Our friends at the Partnership for a Drug-Free America polled parents on just that: What is the most effective opportunity to start a conversation with kids about living a healthy drug-free life? Nearly half of respondents (43 percent) said the most effective time to discuss drugs was in parallel with a family matter, such as when a family member or friend is facing the consequences of drug use. Some parents said the best time to broach the topic was when it was less personal, like when celebrity rehab stories surface in the media or after watching a movie with drug references.

Yet, even with these timely moments, talking to your kids about drugs can be tricky – and maybe even embarrassing – but I can tell you firsthand that these are vitally important conversations to have. The Partnership for a Drug-Free America’s Parent Talk Kit includes scripts that focus on scenarios such as if your child comes home smelling of cigarettes or alcohol, if your child was offered drugs at school, or if your teen is hanging with a different crowd.

Taking the time to start the conversation with your teens about substance abuse provides you with the opportunity to have an honest and open dialogue. Simply talking to your teens can make a huge difference in the decisions they make, especially when they face pressures from their peers.

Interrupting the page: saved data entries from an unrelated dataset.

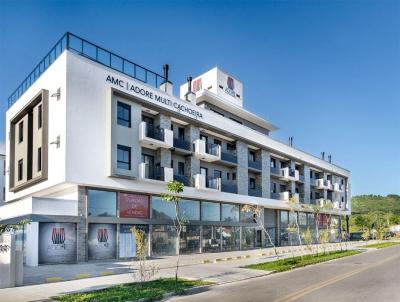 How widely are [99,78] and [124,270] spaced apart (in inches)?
585

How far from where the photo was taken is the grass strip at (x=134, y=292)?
1409 centimetres

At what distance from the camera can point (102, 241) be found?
29.4 metres

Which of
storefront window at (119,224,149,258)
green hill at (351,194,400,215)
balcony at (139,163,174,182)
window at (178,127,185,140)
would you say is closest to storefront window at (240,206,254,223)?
window at (178,127,185,140)

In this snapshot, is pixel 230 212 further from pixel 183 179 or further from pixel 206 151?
pixel 183 179

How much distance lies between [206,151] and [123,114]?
11100mm

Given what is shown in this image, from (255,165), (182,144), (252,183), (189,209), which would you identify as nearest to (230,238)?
(189,209)

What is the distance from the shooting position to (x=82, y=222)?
92.3ft

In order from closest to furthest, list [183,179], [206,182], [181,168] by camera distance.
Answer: [183,179], [181,168], [206,182]

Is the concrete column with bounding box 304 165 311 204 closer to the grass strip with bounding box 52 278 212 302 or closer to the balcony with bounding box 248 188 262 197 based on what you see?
the balcony with bounding box 248 188 262 197

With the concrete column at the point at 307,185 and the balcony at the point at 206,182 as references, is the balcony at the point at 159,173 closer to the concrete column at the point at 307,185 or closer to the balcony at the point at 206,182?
the balcony at the point at 206,182

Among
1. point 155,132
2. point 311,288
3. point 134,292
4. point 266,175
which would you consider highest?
point 155,132

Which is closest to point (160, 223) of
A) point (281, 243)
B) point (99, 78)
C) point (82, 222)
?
point (82, 222)

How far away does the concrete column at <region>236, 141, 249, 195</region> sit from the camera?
44784mm

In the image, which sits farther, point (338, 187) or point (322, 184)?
point (338, 187) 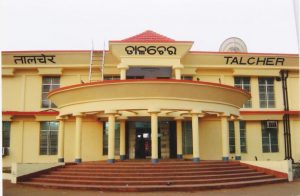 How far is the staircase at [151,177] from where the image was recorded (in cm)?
1286

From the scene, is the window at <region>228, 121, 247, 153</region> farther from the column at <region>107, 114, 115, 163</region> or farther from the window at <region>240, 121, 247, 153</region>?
the column at <region>107, 114, 115, 163</region>

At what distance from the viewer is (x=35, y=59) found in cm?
2141

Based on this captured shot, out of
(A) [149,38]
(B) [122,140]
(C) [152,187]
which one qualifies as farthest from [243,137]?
(C) [152,187]

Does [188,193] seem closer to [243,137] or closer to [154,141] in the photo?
[154,141]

Here is a sampling of conversation starters from the Parent Talk Kit that you can use at home to get the conversation started:

  • “Hey, you probably know that parents talk to each other and find things out about what’s going on at school… I heard…”
  • “I know it’s been a while since I talked to you about the dangers…”
  • “If you’re ever offered drugs at school, tell that person, ‘My mother would kill me…’”
  • “Most people who use drugs and alcohol need a lot of help to get better. I hope [name] has a good doctor and friends and family members to help…”

As parents, it’s our job to keep our kids safe. If we educate them enough, ultimately it will be our voices they hear in the back of their heads when faced with a tough choice.